Re: [PATCH v1] convert: add "status=delayed" to filter process protocol

Lars Schneider <larsxschneider@xxxxxxxxx> · Wed, 11 Jan 2017 10:43:55 +0100

> On 09 Jan 2017, at 00:42, Junio C Hamano <gitster@xxxxxxxxx> wrote:
> 
> larsxschneider@xxxxxxxxx writes:
> 
>> From: Lars Schneider <larsxschneider@xxxxxxxxx>
>> 
>> Some `clean` / `smudge` filters might require a significant amount of
>> time to process a single blob. During this process the Git checkout
>> operation is blocked and Git needs to wait until the filter is done to
>> continue with the checkout.
>> 
>> Teach the filter process protocol (introduced in edcc858) to accept the
>> status "delayed" as response to a filter request.
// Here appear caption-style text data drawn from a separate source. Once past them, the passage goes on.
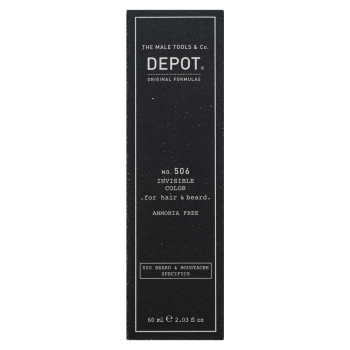Depot No. 506 Invisible Color polpermanentna barva za lase in brado Natural Graphite 60 ml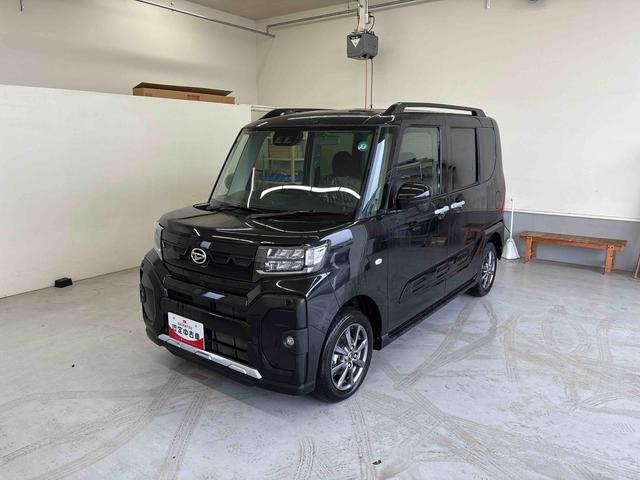 タントファンクロス４ＷＤ　バックカメラ　ＬＥＤヘッドライト／フォグランプ　オートエアコン／ライト／ハイビーム／電動ドアミラー　チルトステアリング　コーナーセンサー　両側電動スライドドア　シートヒーター（秋田県）の中古車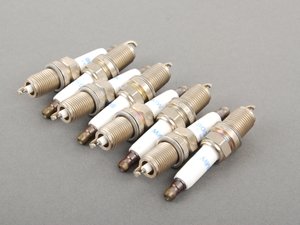 ES#2762599 - 12122158252KT - Spark Plug - Set Of 8 - Factory direct replacement parts. - Genuine BMW - BMW
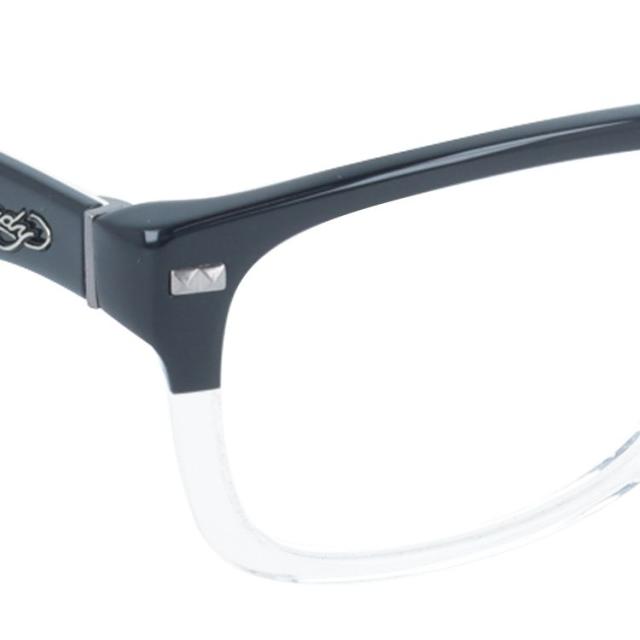 訳あり】エドハーディー メガネフレーム 伊達メガネ EdHardy 眼鏡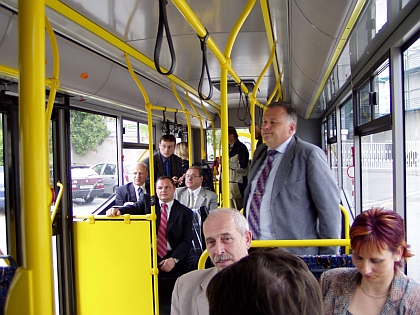 TEDOM - český autobus s italským designem.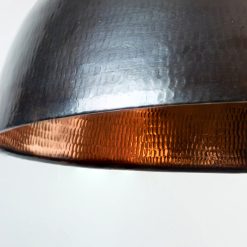 Alternative view of Lampu Kubah Tembaga Hitam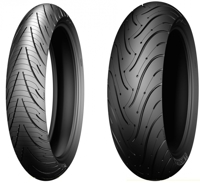 Foto pneumatico: MICHELIN, PILOT ROAD 3 110/80 ZR1818 58W Estive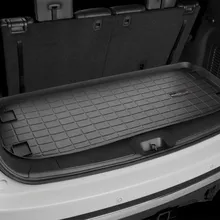 WeatherTech 13+ Infiniti JX Cargo Liners - Black - Installation View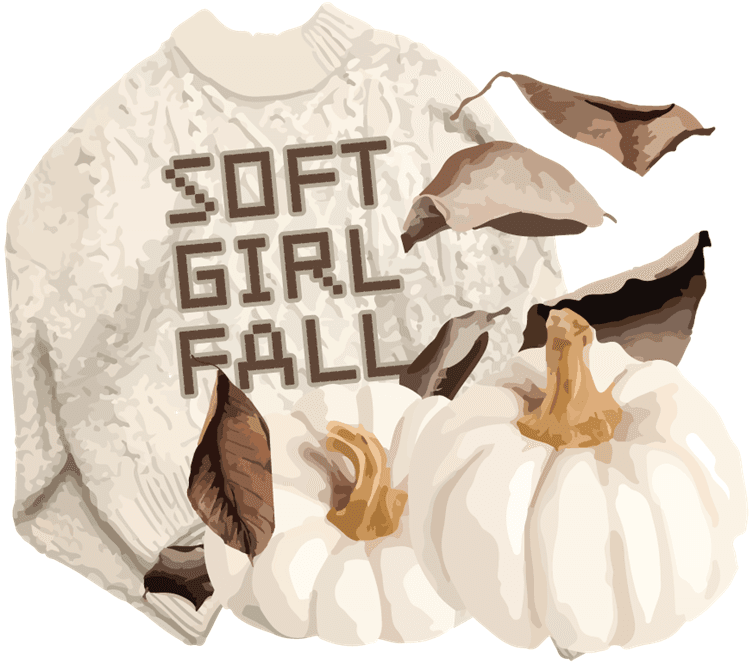 Soft Girl Fall - Cable Knit Sweater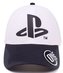 Kšiltovka Playstation: Logo (nastavitelná) bílá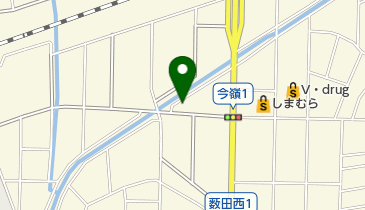 有限会社安田輪業の地図画像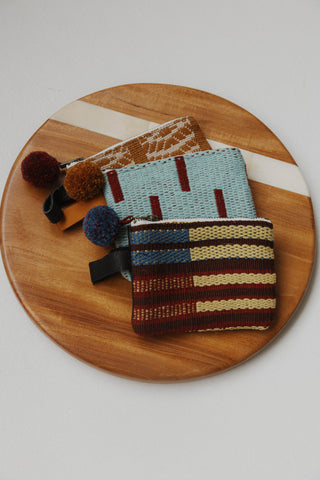 Willow's Woven Coin Pouch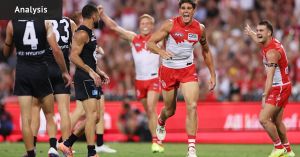 The third quarter that changed the game – and maybe the Swans’ season
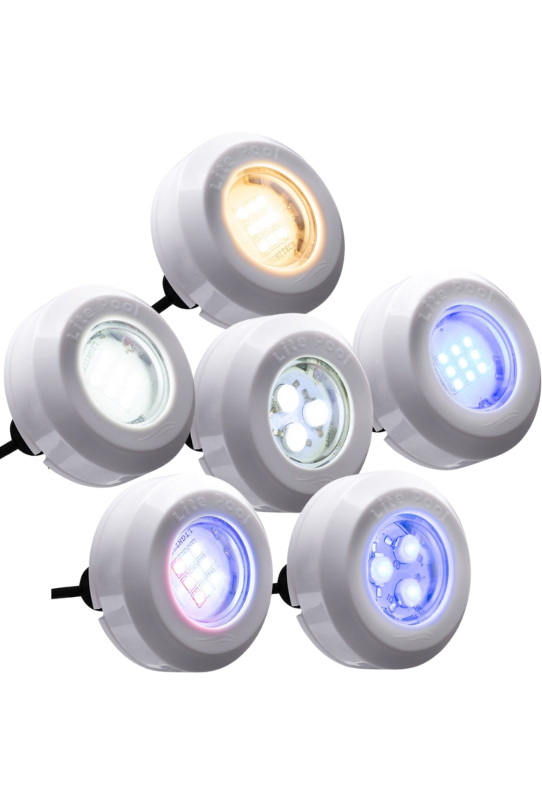 Iluminação para piscina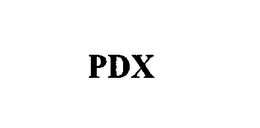 PDX trademark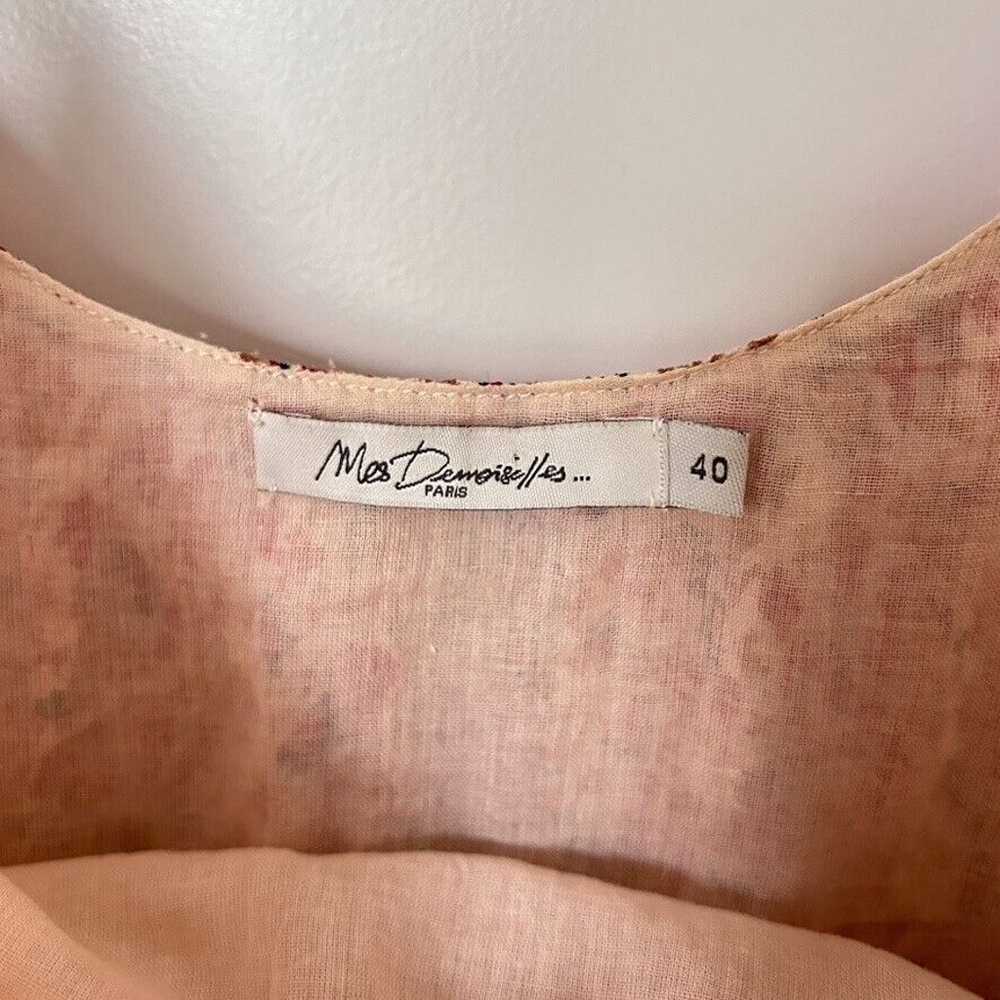 Anthropologie Mes Demoiselles Alhambra Silk Midi … - image 8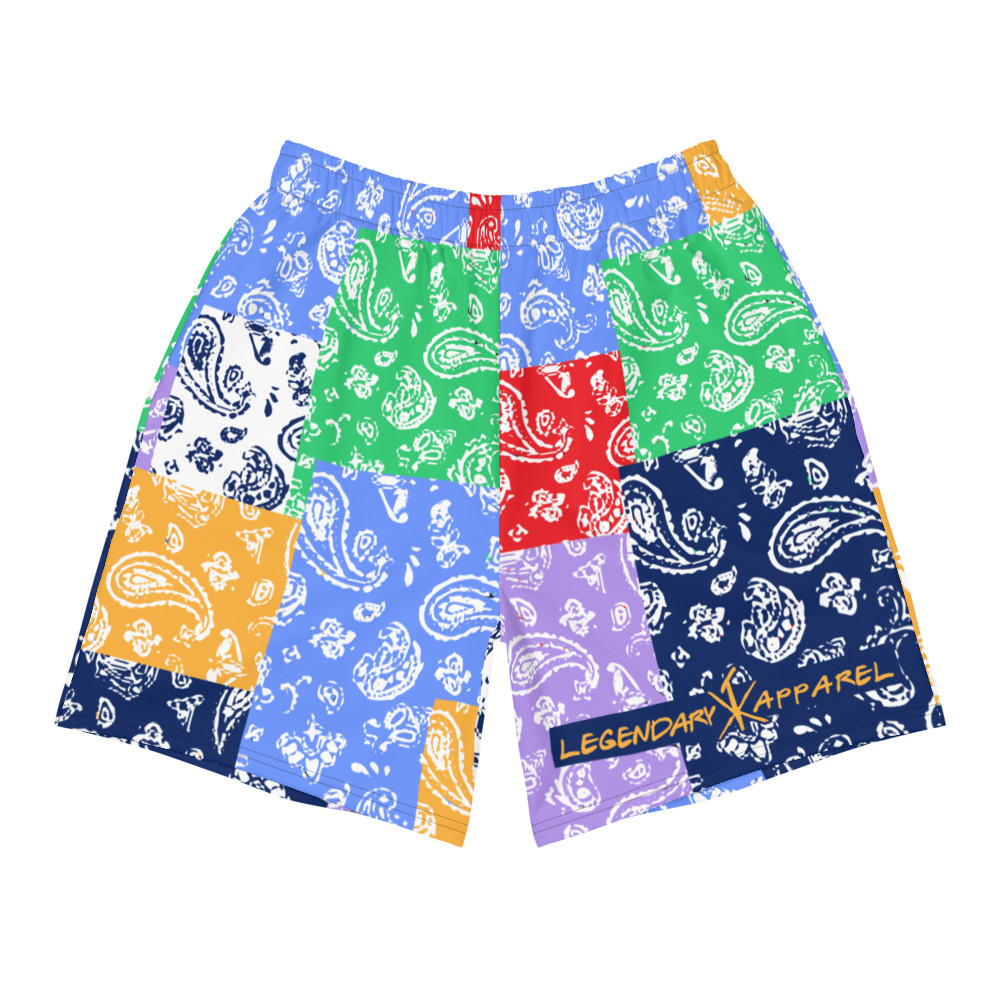 Recycled [ patchwork ] Athletic Shorts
Upon this response Git
>> continues with the checkout operation and asks the filter to process the
>> blob again after all other blobs have been processed.
> 
> Hmm, I would have expected that the basic flow would become
> 
> 	for each paths to be processed:
> 		convert-to-worktree to buf
> 		if not delayed:
> 			do the caller's thing to use buf
> 		else:
> 			remember path
> 
> 	for each delayed paths:
> 		ensure filter process finished processing for path
> 		fetch the thing to buf from the process
> 		do the caller's thing to use buf
> 
> and that would make quite a lot of sense.  However, what is actually
> implemented is a bit disappointing from that point of view.  While
> its first part is the same as above, the latter part instead does:
> 
> 	for each delayed paths:
> 		checkout the path
> 
> Presumably, checkout_entry() does the "ensure that the process is
> done converting" (otherwise the result is simply buggy), but what
> disappoints me is that this does not allow callers that call
> "convert-to-working-tree", whose interface is obtain the bytestream 
> in-core in the working tree representation, given an object in the
> object-db representation in an in-core buffer, to _use_ the result
> of the conversion.  The caller does not have a chance to even see
> the result as it is written straight to the filesystem, once it
> calls checkout_delayed_entries().

I am not sure I can follow you here. A caller of "convert_to_working_tree"
would indeed see filtered result. Consider the following example. The 
filter delays the conversion twice and responds with the filtered results
on the third call:

CALL:     int convert_to_working_tree(*src=='CONTENT', *dst, *delayed==0)
RESPONSE: return == 1; *delayed == 1, *dst==''

CALL:     int convert_to_working_tree(*src=='CONTENT', *dst, *delayed==0)
RESPONSE: return == 1; *delayed == 1, *dst==''

CALL:     int convert_to_working_tree(*src=='CONTENT', *dst, *delayed==0)
RESPONSE: return == 1; *delayed == 0, *dst=='FILTERED_CONTENT'

I implemented the "checkout_delayed_entries" function in v1 because
it solved the problem with minimal changes in the existing code. Our previous 
discussion made me think that this is the preferred way:

     I do not think we want to see such a rewrite all over the
     codepaths.  It might be OK to add such a "these entries are known
     to be delayed" list in struct checkout so that the above becomes
     more like this:

       for (i = 0; i < active_nr; i++)
          checkout_entry(active_cache[i], state, NULL);
     + checkout_entry_finish(state);

     That is, addition of a single "some of the checkout_entry() calls
     done so far might have been lazy, and I'll give them a chance to
     clean up" might be palatable.  Anything more than that on the
     caller side is not.

c.f. http://public-inbox.org/git/xmqqvavotych.fsf@xxxxxxxxxxxxxxxxxxxxxxxxxxx/

Thanks,
Lars